What you have to do: Transcribe word for word the section of the records below that opens with the line containing "Turtle Harness and" and closes with the line containing "WP_20131221_142 (Medium).jpg WP_20131221_142"; drop every picture.

Excerpted data:
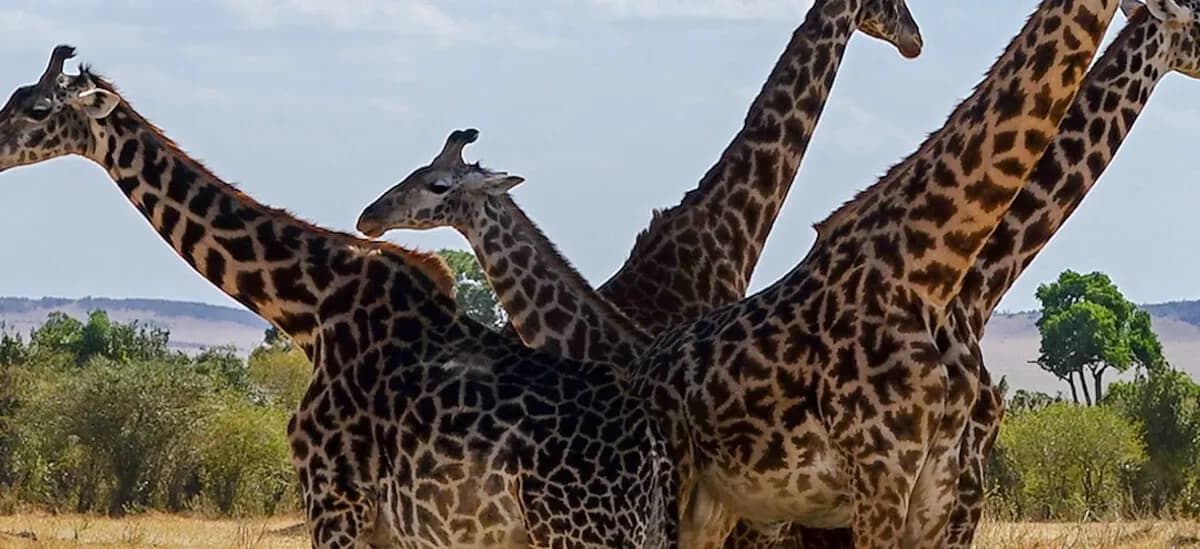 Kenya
* * *
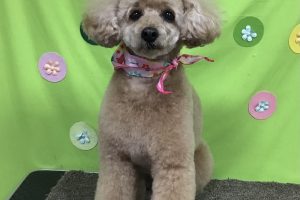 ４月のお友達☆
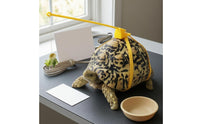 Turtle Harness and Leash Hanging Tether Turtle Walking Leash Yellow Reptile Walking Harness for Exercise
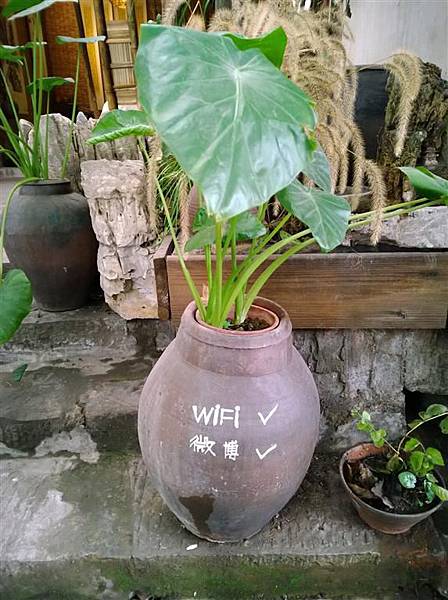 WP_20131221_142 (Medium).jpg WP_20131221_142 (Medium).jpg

Solution to the problem:
 Turtle Harness and Leash Hanging Tether Turtle Walking Leash Yellow Reptile Walking Harness for Exercise
 WP_20131221_142 (Medium).jpg WP_20131221_142 (Medium).jpg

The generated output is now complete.